Re: logical changeset generation v4

From: Andres Freund <andres(at)2ndquadrant(dot)com>
To: Robert Haas <robertmhaas(at)gmail(dot)com>
Cc: Alvaro Herrera <alvherre(at)2ndquadrant(dot)com>, pgsql-hackers(at)postgresql(dot)org
Subject: Re: logical changeset generation v4
Date: 2013-01-18 17:32:53
Message-ID: 20130118173253.GL29501@alap2.anarazel.de
Views: Raw Message | Whole Thread | Download mbox | Resend email
Thread:
Lists: pgsql-hackers

On 2013-01-18 11:48:43 -0500, Robert Haas wrote:
> On Fri, Jan 18, 2013 at 11:33 AM, Alvaro Herrera
> <alvherre(at)2ndquadrant(dot)com> wrote:
> > Andres Freund wrote:
> >
> >> [09] Adjust all *Satisfies routines to take a HeapTuple instead of a HeapTupleHeader
> >>
> >> For timetravel access to the catalog we need to be able to lookup (cmin,
> >> cmax) pairs of catalog rows when were 'inside' that TX. This patch just
> >> adapts the signature of the *Satisfies routines to expect a HeapTuple
> >> instead of a HeapTupleHeader. The amount of changes for that is fairly
> >> low as the HeapTupleSatisfiesVisibility macro already expected the
> >> former.
> >>
> >> It also makes sure the HeapTuple fields are setup in the few places that
> >> didn't already do so.
> >
> > I had a look at this part. Running the regression tests unveiled a case
> > where the tableOid wasn't being set (and thus caused an assertion to
> > fail), so I added that. I also noticed that the additions to
> > pruneheap.c are sometimes filling a tuple before it's strictly
> > necessary, leading to wasted work. Moved those too.
> >
> > Looks good to me as attached.
>
> I took a quick look at this and am just curious why we're adding the
> requirement that t_tableOid has to be initialized?

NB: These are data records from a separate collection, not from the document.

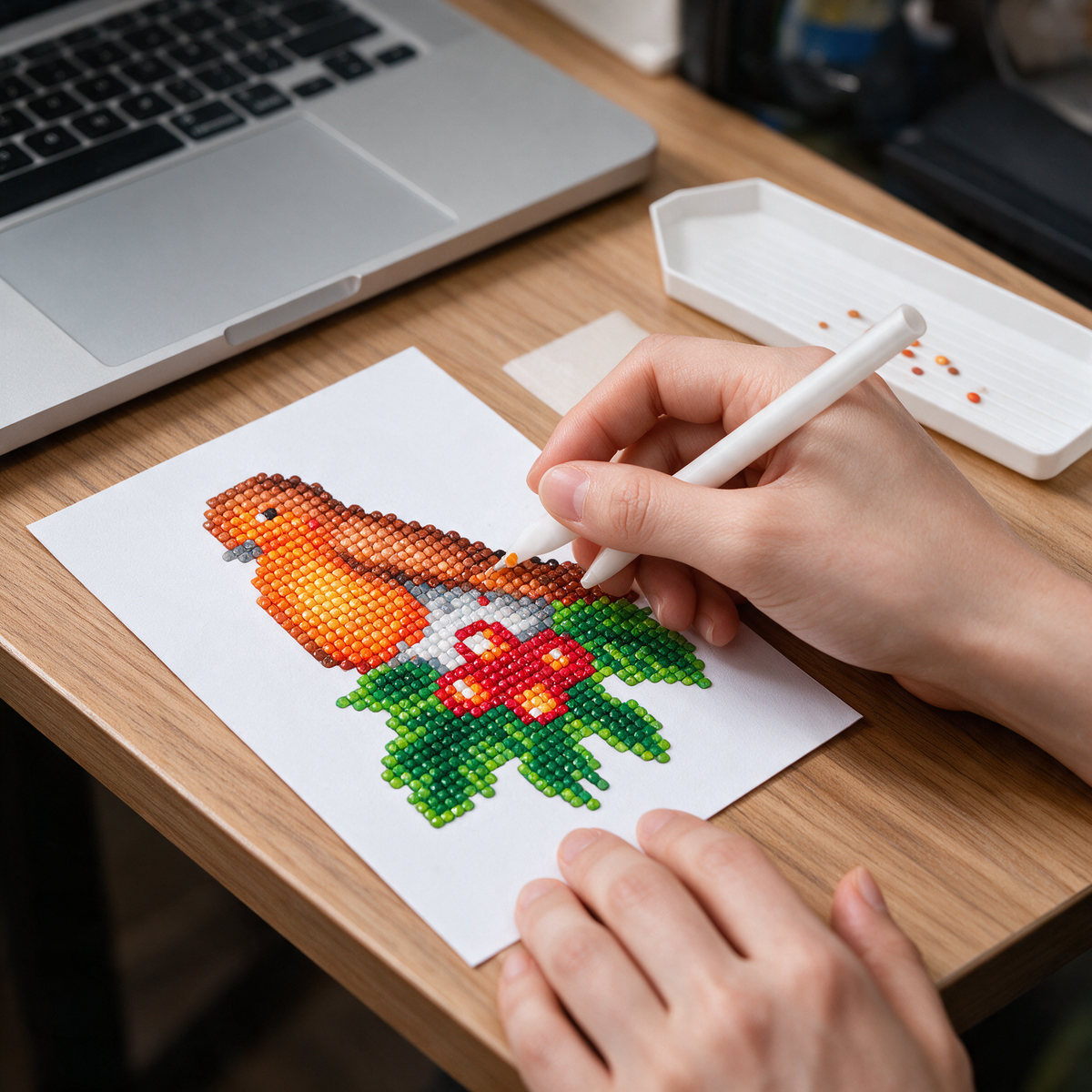 Tropical Flock diamond painting kit: robin canvas on a desk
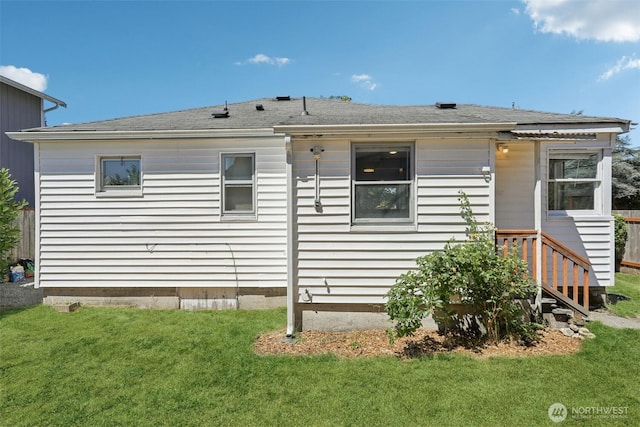 11303 Park Ave S, Tacoma, WA 98444 - rear view of house with a lawn and roof with shingles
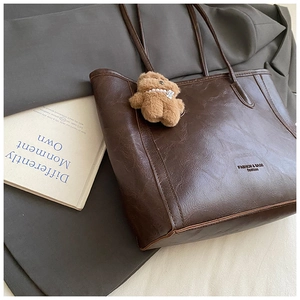 Détail d'un grand cabas marron foncé avec breloque d'ours en peluche et texte blanc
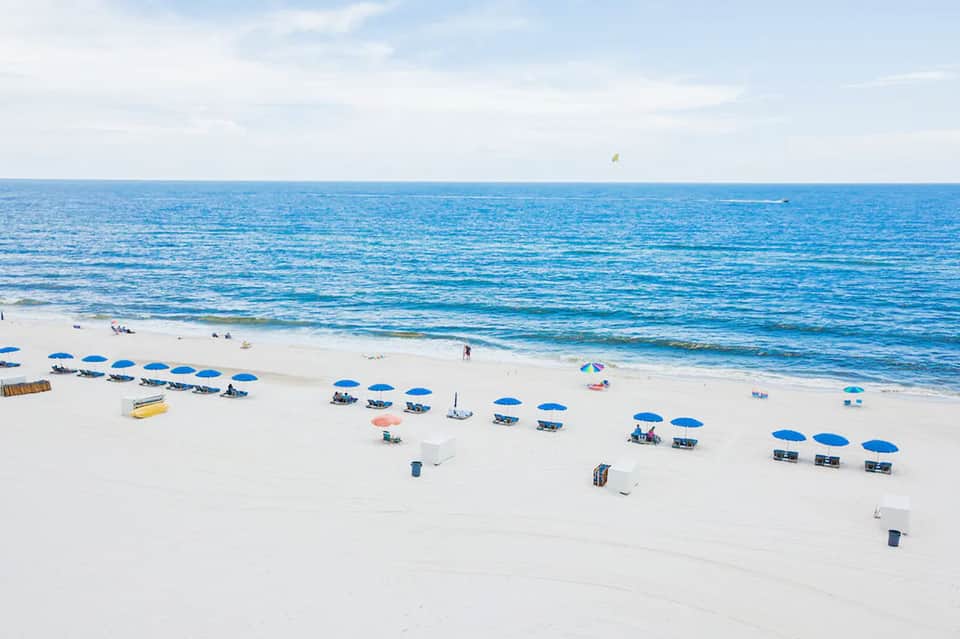 Aerial view of sandy beach with blue umbrellas, lounge chairs, and calm ocean waves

Its a stepping stone for catalog timetravel. I separated it into a different
patch because it seems to make the real patch easier to review without having
to deal with all those unrelated hunks.

The reason why we need t_tableOid and a valid ItemPointer is that during
catalog timetravel (so we can decode the heaptuples in WAL) we need to
see tuples in the catalog that have been changed in the transaction we
travelled to. That means we need to lookup cmin/cmax values which aren't
stored separately anymore.

My first approach was to build support for logging allocated combocids
(only for catalog tables) and use the existing combocid infrastructure
to look them up.
Turns out thats not a correct solution, consider this:
* T100: INSERT (xmin: 100, xmax: Invalid, (cmin|cmax): 3)
* T101: UPDATE (xmin: 100, xmax: 101, (cmin|cmax): 10)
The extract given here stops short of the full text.